Israel does not entirely trust this veiled promise from the United States, mainly in light of the White House’s embarrassing hesitancy over Syria and limp response to North Korea’s nuclear muscle-flexing. The Obama administration has been caught up in a series of public-relation disasters since the start of the president’s second term. All of this must suggest to Netanyahu that once again he has been left to fix the Iranian nuclear problem alone.

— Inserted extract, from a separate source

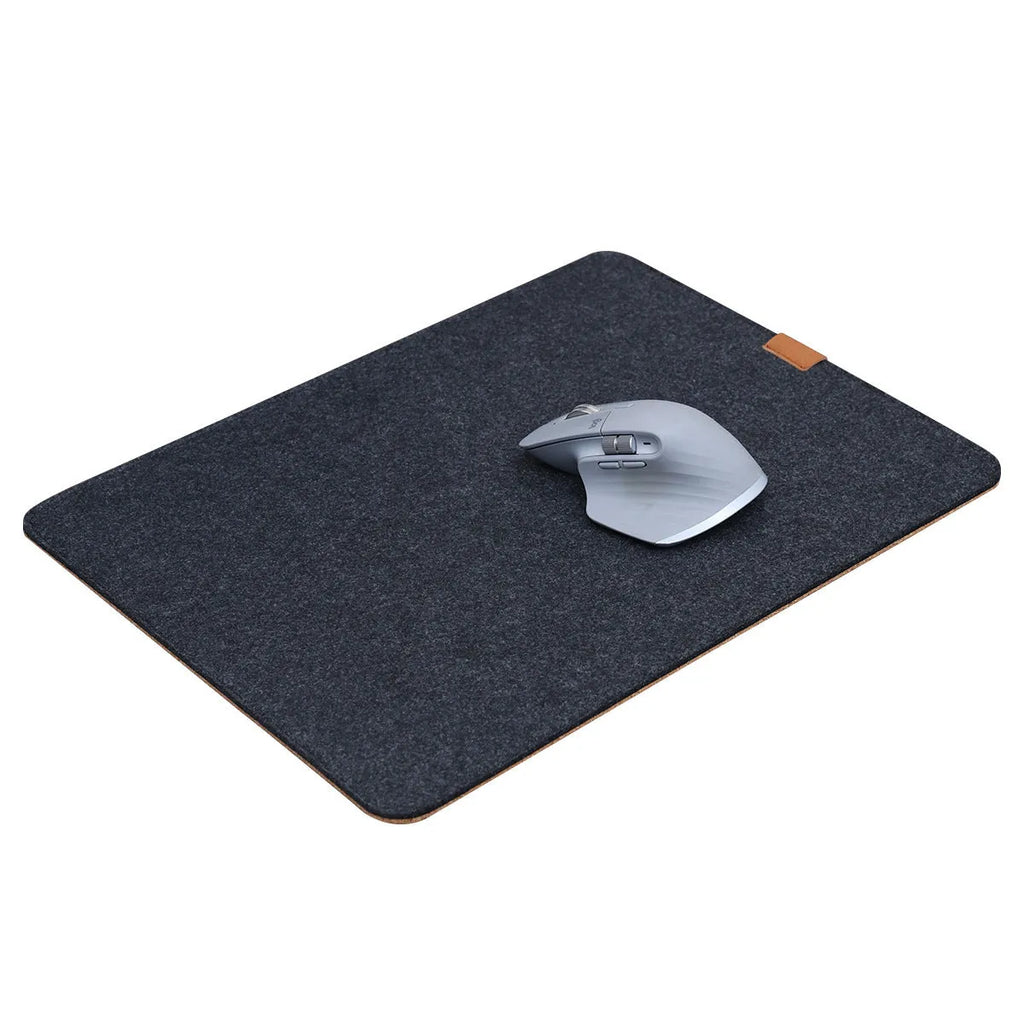 Simple grey felt and cork desk mat in an oversized rectangle shape on a wooden desk.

The prime minister will certainly not take comfort in a new report released on Friday by the Rand Corporation, that dares to ask the question that must not be raised in polite society: What will the region look like after Iran achieves nuclear capabilities? The veteran U.S. think tank, which often works for the government, says that obtaining nuclear weapons will further Iran’s national security goals, deter Israel and the United States from an attack in Iran, lead to greater instability in the region and increase the likelihood of war, whether by accident or as the result of a series of misunderstandings between Tehran and Jerusalem.

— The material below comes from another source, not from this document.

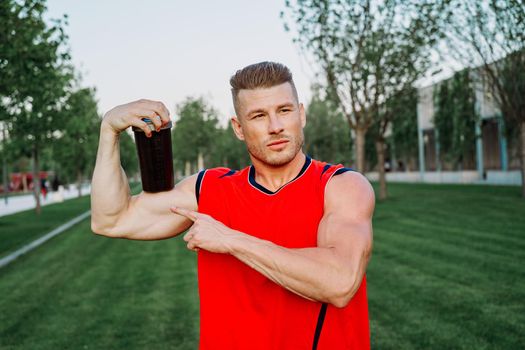 sporty man in the park outdoors glass with drink. High quality photo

All of the obstacles that stood in the way of an Israeli attack on Iran last year will be relevant this year as well: The Obama administration is opposed to unilateral action from Israel, technocrats in Israel are against it, and there is a new, political obstacle in the form of Netanyahu’s main coalition partner in the new government, Finance Minister Yair Lapid. Lapid’s civil and economic agenda has no room for war with Iran. Nevertheless, it’s a safe bet that within a month, after the dust of the Iranian election settles, the issue of the ayatollahs’ nukes will once again claim center stage.